Willard Woodson “Woody” Brittain Jr. was born in the District in 1947 and raised in Arlington by working-class parents — Woody Sr., a World War II veteran, and Mary — who demanded that their children work hard in school and commit themselves to service in their church, Mount Olive Baptist.
Nothing was more important than family: Woody Brittain Jr. and his wife, Deborah, were married 42 years and have a daughter, Lindsey. The way they defined family, however, meant that anyone who entered their home would be treated like one of their own.
Brittain served on the boards of the Northern Virginia Urban League, the National Urban League and the YMCA of New York City, among many others. Not only did he donate generously to charities that provide educational opportunities, but he also gave untold thousands of dollars out of pocket to students who needed money to stay in college.
“Woody was a generous spirit personified,” said Ron Coley, an associate vice chancellor for student affairs at Berkeley and a longtime friend. “He was always focused on the betterment of others.”
With math as his favorite subject, Brittain graduated from Wakefield High in Arlington, Class of ’66, and became one of 28 black students in a freshman class of 1,000 at Yale. Although mild mannered and bookish as a boy, he became an Afro-wearing campus leader, helping to organize the Black Student Alliance and successfully agitate for the creation of the Afro-American Cultural Center.
In 2011, he received the Yale Medal, the university’s highest alumni award.

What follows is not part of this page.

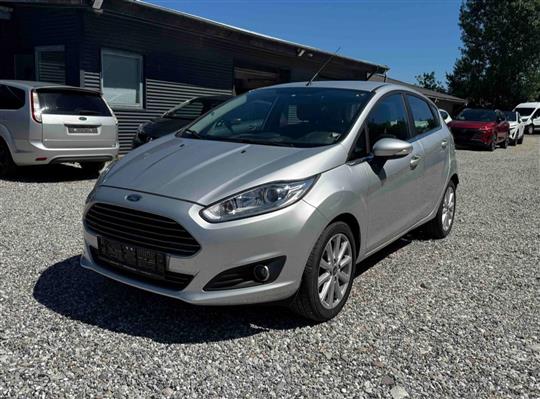 Ford Fiesta 1,0 EcoBoost Titanium Start/Stop 125HK 5d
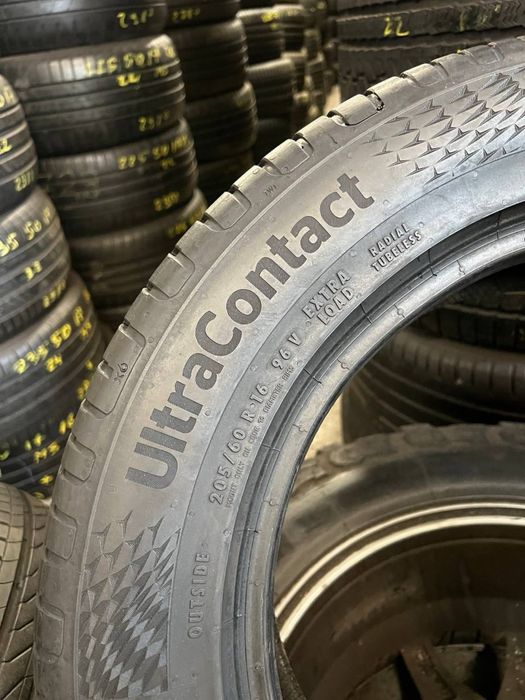 Шини літні 205х60хR16 Continental UltraContact / 2 Шт 95% Протектор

Brittain graduated from Yale in 1970 with a bachelor’s degree in economics; two years later, he earned an MBA from Harvard. In 1983, at age 36, he became a partner at the financial services giant Price Waterhouse and was later appointed its chief operating officer. His reputation for strategic thinking would lead to directorships at five Fortune 500 companies before he retired to start his own leadership program for youth.
In the suites along Wall Street, Brittain may have been known by his proper name, Willard Woodson; but along the byways of his home town and beyond, he was still just Woody — quick-witted, down to earth and always ready to lend a helping hand.

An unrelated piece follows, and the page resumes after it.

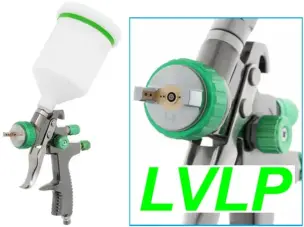 Краскопульт пневматический LVLP форсунка 1.3 мм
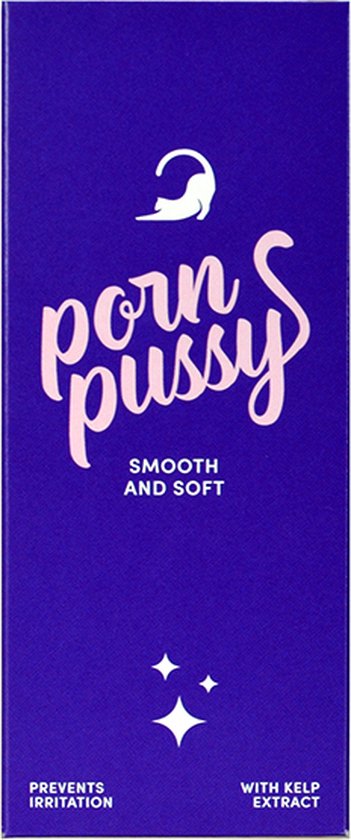 Porn Pussy - Crème à raser pour femme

“People who were radicals in college, then traded in their dashikis for three-piece suits, risked being called sellouts,” said Harold J. Logan, a businessman based in Atlanta who was an undergraduate at Harvard when Brittain was there working on his MBA. “No one could ever say that about Woody because he used so much of his gains from the corporate world to help others.”
Said Larry D. Bailey, a Washington native who was also a partner at Pricewaterhouse Coopers: “Woody’s great passion was figuring out ways for us to reach back and save at-risk black men and boys. When he talked about the epidemic of violence, the fatherless homes, the school dropouts, he’d tear up. While some of us were calling on black professional athletes to get involved, he was pushing CEOs and other leaders in corporate America to do their part.”

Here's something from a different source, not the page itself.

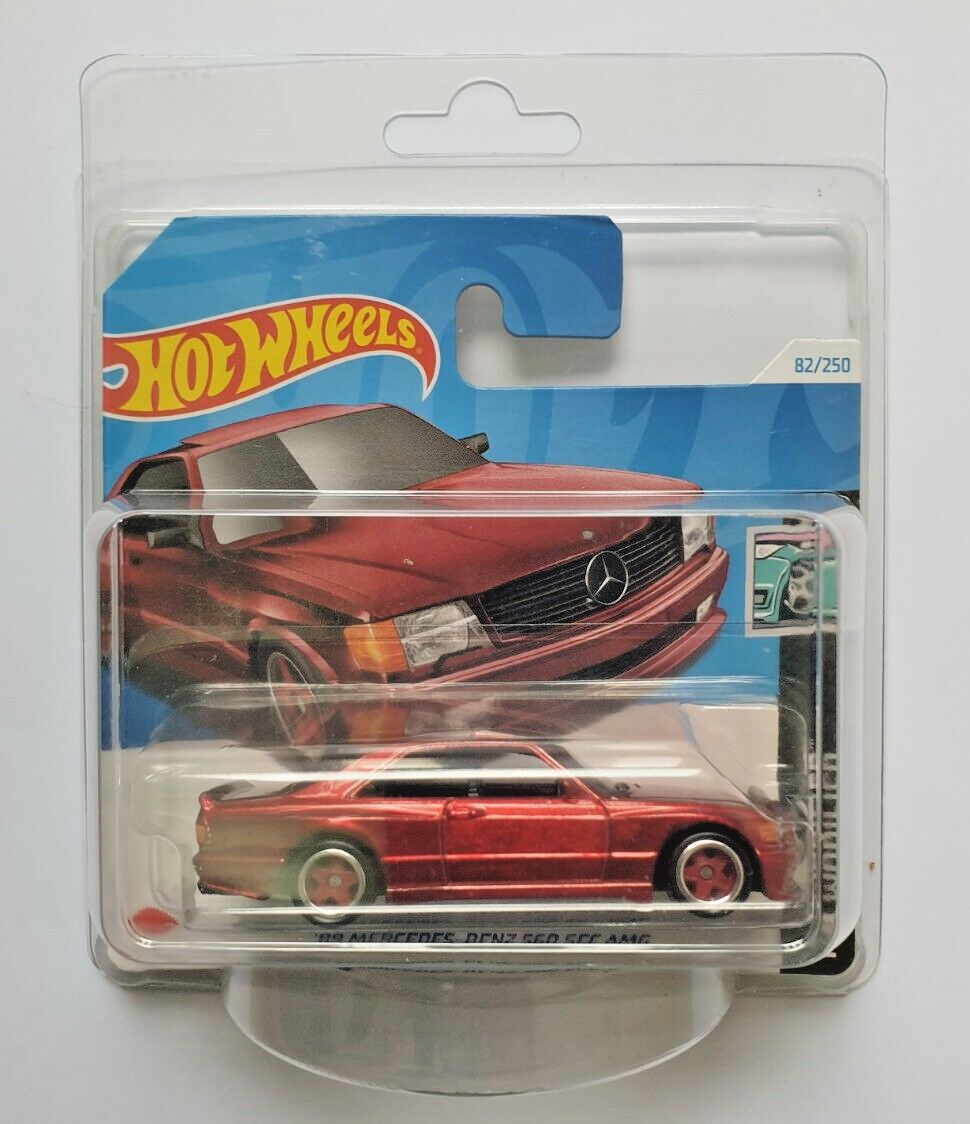 HOT WHEELS 2024 SUPER TREASURE HUNT '89 MERCEDES-BENZ 560 SEC AMG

Brittain belonged to many civic organizations and social groups — including an informal klatch of guys who get together for a few days of tennis and golf a couple of times a year, which is how I met him more than a decade ago.
Thomas Parham, a vice chancellor at the University of California at Irvine, was among those from our group who frequently visited Brittain after he became ill.
“Even then, all he wanted to do was to make others feel comfortable,” Parham said. “His final lesson to us all was to never let misery have the last word.”
Through Brittain, we saw what makes for a purposeful life, starting with parents who instill a love of learning and community service in their children. You might say it was in his genes. If so, it ought to be in ours, too.